* This is how I feel like now!*
You never know what is gonna befall on you. I conclude that there is no such thing as a good day! Seriously!
Maybe I'm being cynical here but seriously. God! I never cursed so much in facebook before! Probably gonna hang myself now. Have no mood whatsoever to read the news for in-class quiz later, so I'm here ranting my shit out!
Let me tell you about my day. Well, half a day. It's only 12 pm now. Last night slept around 1 am and woke up at 7 am without any alarm buzzing its lungs out to wake me. Fantastic! Then have a nice weather with sun and chill. My favorite.
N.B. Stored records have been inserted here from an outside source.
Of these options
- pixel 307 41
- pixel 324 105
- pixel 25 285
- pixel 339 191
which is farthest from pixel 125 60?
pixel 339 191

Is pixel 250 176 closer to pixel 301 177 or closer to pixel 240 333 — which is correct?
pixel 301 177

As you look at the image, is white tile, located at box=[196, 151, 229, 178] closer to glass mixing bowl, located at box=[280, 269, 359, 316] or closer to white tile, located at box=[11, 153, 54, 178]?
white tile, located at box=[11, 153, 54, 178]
And you know, I thought, "Hey, might be a good day today. Came to uni early and will have time to rush in some news and blog a bit on the couture piece I have yet to do."
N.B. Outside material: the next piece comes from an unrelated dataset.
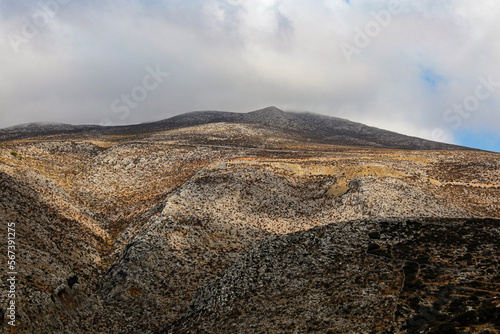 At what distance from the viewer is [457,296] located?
16.7 metres

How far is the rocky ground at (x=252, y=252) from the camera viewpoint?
58.2ft

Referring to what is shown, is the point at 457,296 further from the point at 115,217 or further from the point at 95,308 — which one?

Went to uni and have a great cup of coffee. And then shit starts to happen, maybe it's the coffee or the banana I ate last night. Stomach started rumbling and you know, you get what I mean. Not good. Got an email while in toilet, and somehow left my phone somewhere without knowing in the process from toilet to library.
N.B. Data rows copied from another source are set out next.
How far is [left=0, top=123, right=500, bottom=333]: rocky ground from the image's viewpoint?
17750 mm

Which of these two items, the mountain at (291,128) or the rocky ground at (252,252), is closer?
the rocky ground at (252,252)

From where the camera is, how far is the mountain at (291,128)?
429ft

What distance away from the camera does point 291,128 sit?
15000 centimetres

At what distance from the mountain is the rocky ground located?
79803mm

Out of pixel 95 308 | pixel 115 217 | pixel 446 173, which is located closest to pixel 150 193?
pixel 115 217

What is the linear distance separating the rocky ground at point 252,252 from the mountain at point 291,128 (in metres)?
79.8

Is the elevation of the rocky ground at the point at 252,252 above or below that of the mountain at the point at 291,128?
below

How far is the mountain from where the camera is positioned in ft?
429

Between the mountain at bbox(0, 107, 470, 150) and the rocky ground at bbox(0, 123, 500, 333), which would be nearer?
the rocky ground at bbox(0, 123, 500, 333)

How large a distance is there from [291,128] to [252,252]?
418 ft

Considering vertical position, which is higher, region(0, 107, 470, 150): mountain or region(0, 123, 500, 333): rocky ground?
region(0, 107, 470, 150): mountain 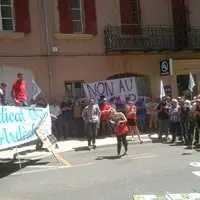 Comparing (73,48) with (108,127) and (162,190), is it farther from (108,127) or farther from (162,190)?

When I got to the library, the internet fucking suck. Can't load shit without waiting for 10 million minutes and Mozilla kept going to "Not Responding" mode. And then when I reach for my phone, it's gone! F**K!!!!!!!!
Tried calling it but no one picked up. So i deducted and think I dropped it somewhere near toilet or on the way to the library. So yeah, there is no such thing as a good day. At least not for me today.
I never pray to god but please let me have my phone back, god!!! Or at least let me have a nicer day to follow. Feel like hanging myself. Having a migraine now but surprisingly I can still write.
Anyhow, just ranting out, so that I won't jump of the building.